Before you demonstrate, prepare the area so the run is easy to understand. Mark the start point, the target area, or the obstacle with tape or simple labels. If your robot uses a sensor, point out what it is reading and what behavior that input is supposed to trigger.
What makes a strong demonstration?
- the goal is clear before the run starts
- the audience can see the important parts of the robot
- the robot shows the sensor-driven behavior, not just random motion
- you can explain what happened afterward
Requirement 5b:
Your notebook tells the story of the project. It should show the mission, design sketches, build notes, code or flowchart, tests, and improvement ideas. When you share it, do not just hand it over. Walk your counselor through the highlights.
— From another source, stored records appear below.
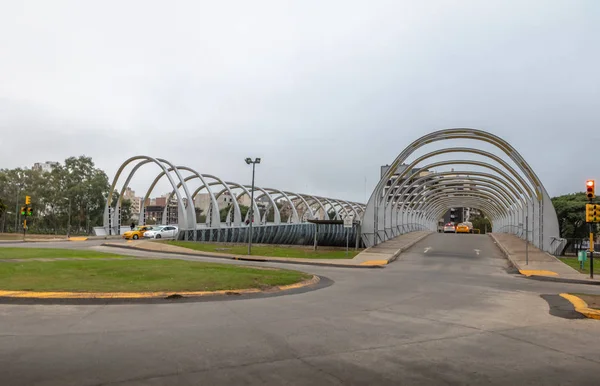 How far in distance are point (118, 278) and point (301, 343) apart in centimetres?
889

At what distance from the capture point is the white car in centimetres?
4903

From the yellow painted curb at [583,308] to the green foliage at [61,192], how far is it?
244 feet

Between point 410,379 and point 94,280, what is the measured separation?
10621 millimetres

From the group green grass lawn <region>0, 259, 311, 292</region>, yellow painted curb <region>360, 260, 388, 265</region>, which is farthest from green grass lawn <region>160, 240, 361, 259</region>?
green grass lawn <region>0, 259, 311, 292</region>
How well did the robot accomplish the task?
Be honest and specific. “It worked” is not enough. Explain what it did reliably, what failed sometimes, and what evidence you collected during testing. If the robot only completed part of the mission, say that clearly and explain why.
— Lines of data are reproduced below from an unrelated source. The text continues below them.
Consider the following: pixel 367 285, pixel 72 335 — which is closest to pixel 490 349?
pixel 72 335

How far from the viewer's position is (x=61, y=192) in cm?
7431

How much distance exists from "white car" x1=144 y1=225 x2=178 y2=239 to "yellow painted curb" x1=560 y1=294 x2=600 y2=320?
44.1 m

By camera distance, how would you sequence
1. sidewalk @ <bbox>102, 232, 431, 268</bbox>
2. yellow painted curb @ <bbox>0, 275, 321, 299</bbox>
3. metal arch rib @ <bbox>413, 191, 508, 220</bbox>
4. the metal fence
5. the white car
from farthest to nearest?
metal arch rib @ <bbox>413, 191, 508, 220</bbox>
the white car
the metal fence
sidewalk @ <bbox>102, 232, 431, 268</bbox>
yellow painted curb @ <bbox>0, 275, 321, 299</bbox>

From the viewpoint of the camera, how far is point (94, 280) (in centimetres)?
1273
What would you improve next time?
This is where real engineering thinking shows. Maybe the sensor needed better placement. Maybe the robot was top-heavy. Maybe the code needed a cleaner state change. Maybe the mechanism had too much friction. Improvement ideas matter because no first version is perfect.
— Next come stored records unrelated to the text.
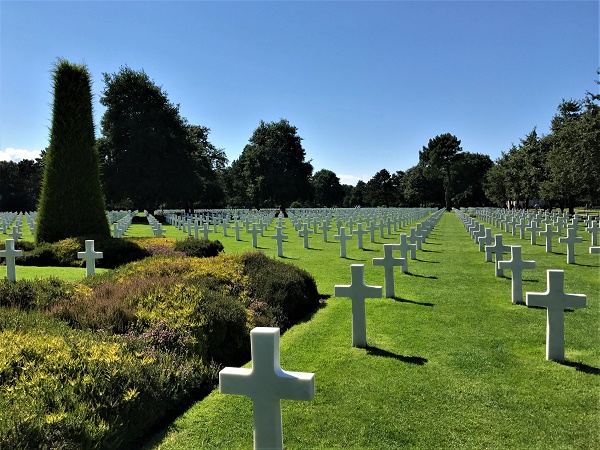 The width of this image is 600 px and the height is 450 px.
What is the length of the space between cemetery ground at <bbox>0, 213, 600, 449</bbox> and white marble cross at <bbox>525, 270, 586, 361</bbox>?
0.57ft

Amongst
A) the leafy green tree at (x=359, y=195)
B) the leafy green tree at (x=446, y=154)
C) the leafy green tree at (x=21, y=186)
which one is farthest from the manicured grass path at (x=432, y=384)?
the leafy green tree at (x=359, y=195)

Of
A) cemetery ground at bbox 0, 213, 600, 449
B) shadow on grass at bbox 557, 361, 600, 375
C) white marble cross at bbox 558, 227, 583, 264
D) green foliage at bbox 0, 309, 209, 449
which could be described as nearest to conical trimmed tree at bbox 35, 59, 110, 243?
cemetery ground at bbox 0, 213, 600, 449

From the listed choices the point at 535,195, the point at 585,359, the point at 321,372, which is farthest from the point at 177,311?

What did you learn about the design process?
The design process is usually less like a straight line and more like a loop:
- define the problem
- imagine solutions
- plan and sketch
- build
- test
- improve
That last step sends you back around again. If you learned that simple designs are easier to debug, or that testing early saves time, or that your first mission was too ambitious, those are strong lessons to share.
Demo day checklist
Bring these talking points to your counselor
- The mission you chose in Req 4a
- The main sensor and what it does
- The robot’s two degrees of freedom
- One test result that proved success
- One problem you had to solve
- One improvement you would make in version two
By demonstrating and reflecting, you are doing something every real robotics team does after a build season: show the machine, review the results, and think about what comes next.